Is part-time work really the reason for the declining unemployment rate?

Today Bureau of Labor Statistics (BLS) announced unemployment numbers for September. Drop in unemployment rate stirred discussions as it makes Obama’s hand stronger in the presidential race. Some went as far as calling the numbers massaged[1] but majority of the skeptics claimed that the decline was due to increase in part-time jobs[2] and as part-time jobs get cut first when economic conditions worsen “It’s an employment recovery built on thin ice[3]”.

Let’s look at some of the claims and the data

According to Bloomberg Business Week “Some 582,000 more Americans, the most since February 2009, were working part-time last month because of slack business conditions or because those jobs were the only work they could find, according to Labor Department estimates.”

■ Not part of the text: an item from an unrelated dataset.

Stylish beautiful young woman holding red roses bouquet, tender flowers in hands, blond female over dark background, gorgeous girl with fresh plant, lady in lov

Labor Department estimates tell a different story. According to the data, 657,000 fewer Americans were working part-time for what BLS calls “economic reasons” in September 2012 compared to September 2011 and it was certainly not the most since February 2009.

According to Boston Globe, upon release of BLS data, John E. Silvia, chief economist for Wells Fargo & Co. said “September’s rise in part-time employment was due to college students returning to school and taking part-time jobs.” and it was the gain in part-time work that pushed U.S. jobless rate down.

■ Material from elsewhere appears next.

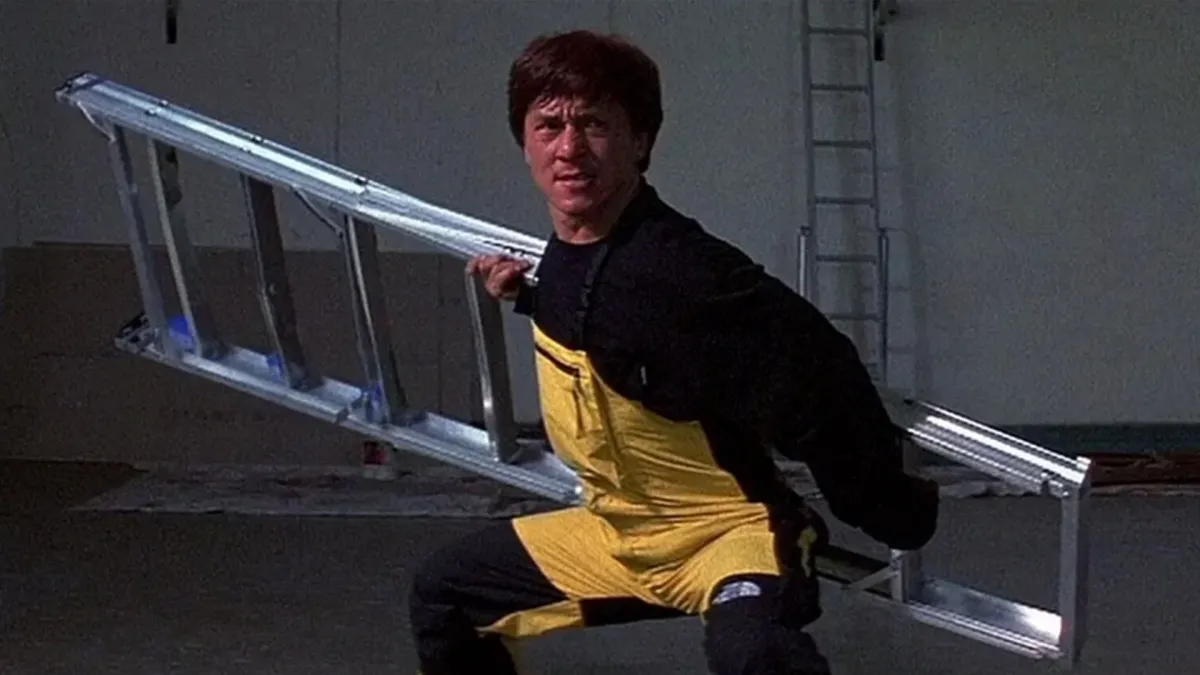 ackie Chan performing ladder fight choreography in First Strike.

According to the data, part-time jobs (secondary axis) are in decline in the past few months following a sharp increase between February and April. There’s a clear increase in full-time jobs (primary axis) in the recent months. Looking at this graph, it is hard to attribute the unemployment rate drop between August and September to part-time jobs.


So at least based on BLS household survey data, unemployment rate drop in the last two months is clearly because of the increasing number of full-time jobs. However to understand unemployment, it is important to look at how the rates are calculated.

The Labor Department uses two surveys, one to estimate payroll employment, and the other of households, to estimate unemployment. They both have their shortcomings and don’t always correlate with each other.

Household Survey, involving just 60,000 households, is subject to a relatively large sampling error.  Also in this survey, if a person has worked just one hour, they are counted as employed. Even people who did unpaid work in a family-owned enterprise (as long as it is more than 15 hours) are classified as employed. The payroll survey sample does not include new firms immediately. They are incorporated with a lag.

Another issue is the definition of labor force. Labor force measures are based on the civilian non-institutional population 16 years old and over and is made up of the employed and the unemployed. Persons are classified as “not in the labor force” if they do not have a job, and have not actively looked for work in the prior 4 weeks of the survey. So it is very easy to be unemployed but not counted as such.

Since U3 is how “official” unemployment rate has been calculated for years, people often refer to the changes of this parameter over time when they talk about unemployment. It makes sense for an apples-to-apples comparison, but there are other approaches considered to be closer to real unemployment such as U6. U6 considers involuntary part-time workers (those who took part-time jobs because they couldn’t find full time jobs) and marginally attached/discouraged workers (unemployed people who haven’t searched for jobs in more than 4 weeks) as part of unemployed labor force.


With either approach, unemployment appears to be in decline while with U6 we observe a considerably higher unemployment rate.


Looking at interest in the terms such as food stamps and part time jobs on Google, it is hard to talk about a recovery yet. Maybe U3 needs some criticism after all.